I was fortunate to spend this summer doing exactly that. Some of it was spent in libraries and archives across the UK and the US, closely examining manuscripts and books important to my dissertation project. Much of the rest I spent reading and thinking in Humanities One at the British Library, slowly and thoughtfully working and re-working the theoretical and methodological framework for my dissertation. In addition, I was able to attend, as a spectator, the York Manuscripts Conference and the IMC at Leeds before flying off to give a paper at the New Chaucer Society congress in Reykjavik, Iceland. I sat down with a manuscript at Christ Church, Oxford for an entire day, returned to another at the British Library several times over the course of a week, and attended panels in York and Leeds with these observations at the forefront of my mind. It was this period of slow research that contributed most to my thinking as I look to plunge forward into dissertation writing and that gave me the confidence to stand alongside a panel of very respected scholars in Reykjavik and give a paper of which I could be proud.

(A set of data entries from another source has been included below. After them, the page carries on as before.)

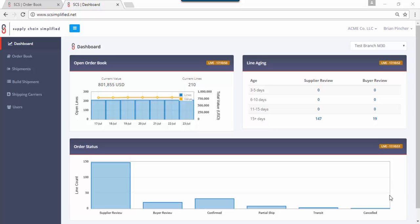If you're a supplier, the first thing you're going to need to do is find our www.scsimplify.net login. Once you log in you'll be landed in a dashboard that looks very similar to this that gives you a high level view of your purchase order situation.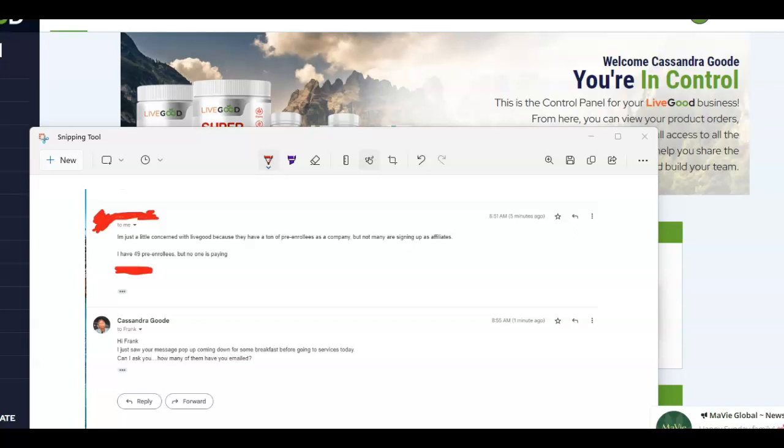So today, I have someone that reached out to me and said, hey, I'm just a little concerned with Live Good because we have tons of pre-enrollees as a company, but not many are signing up as affiliates. So far, that person has 49 pre-enrollees, but no one is paying. Okay, valid question.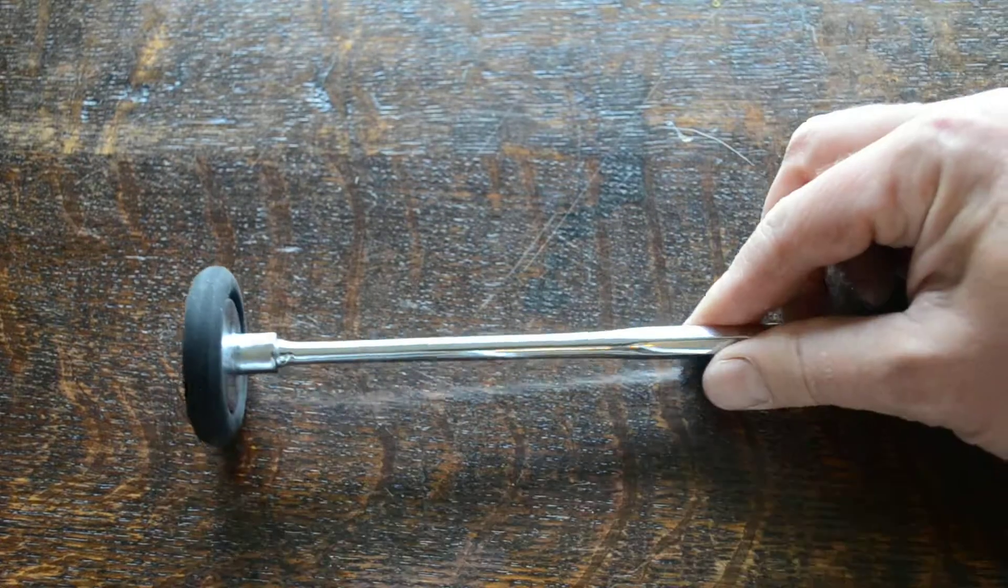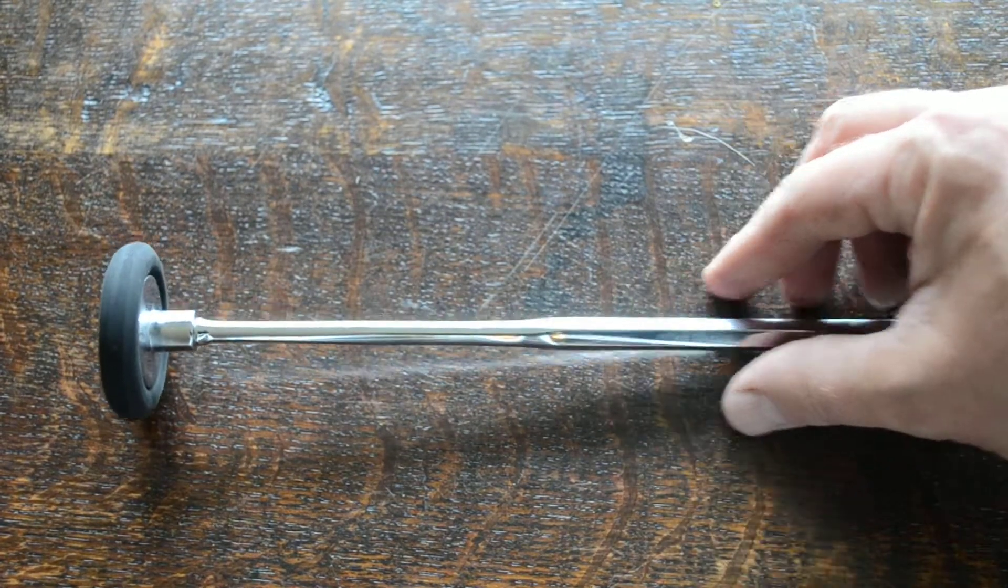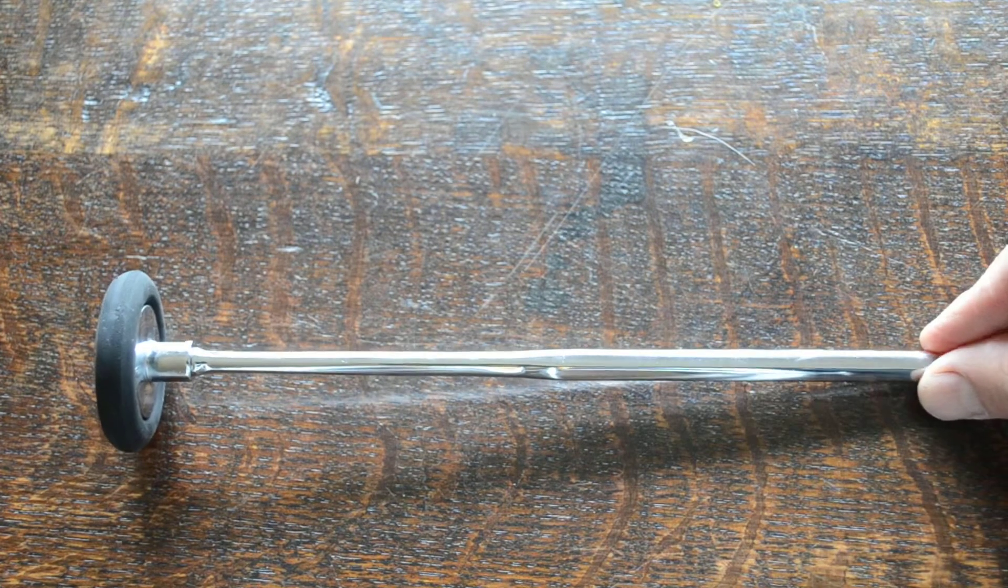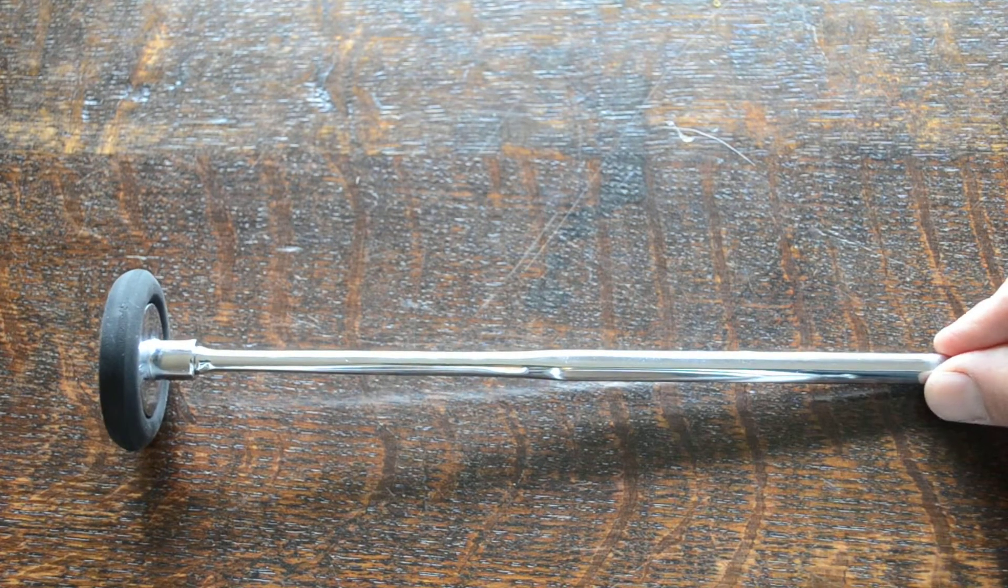Attach it in a standard Queen Square format and you've got your standard Queen Square reflex hammer.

The truth is, however, that this slow research summer would not have been possible if not for the generosity of my institution (the Graduate School, the English Department, and the Medieval Studies group) and the tremendous hospitality of some dear friends in the UK. While slow scholarship, as a practice, is as rewarding as it is important, it is critical to remember that it is in many ways a privileged sort of research and one not equally available to all academics. Not all scholars will have the opportunity to found their work on original archival research or time spent with the object of study, but they might still take a conscious moment to slowly reflect on the nature of the object itself, in addition to those digital facsimiles and searchable catalogues which can never satisfactorily reproduce the contexts and materiality of the original.
Graduate students of the Middle Ages and Renaissance would do well to negotiate a balance between the fast (the push for quick time-to-degree standards necessitated by funding cuts and the academic job market) and the slow (methodologies which are invested in the process of deep thinking and careful reading). It is important, I think, that the next generation of pre-modern scholars continues to produce scholarship which is firmly rooted in the archive; in the age of high-resolution manuscript leaves and digital libraries we must not forget the personal and tactile value of slow scholarship: to read, to feel, and to appreciate the object itself.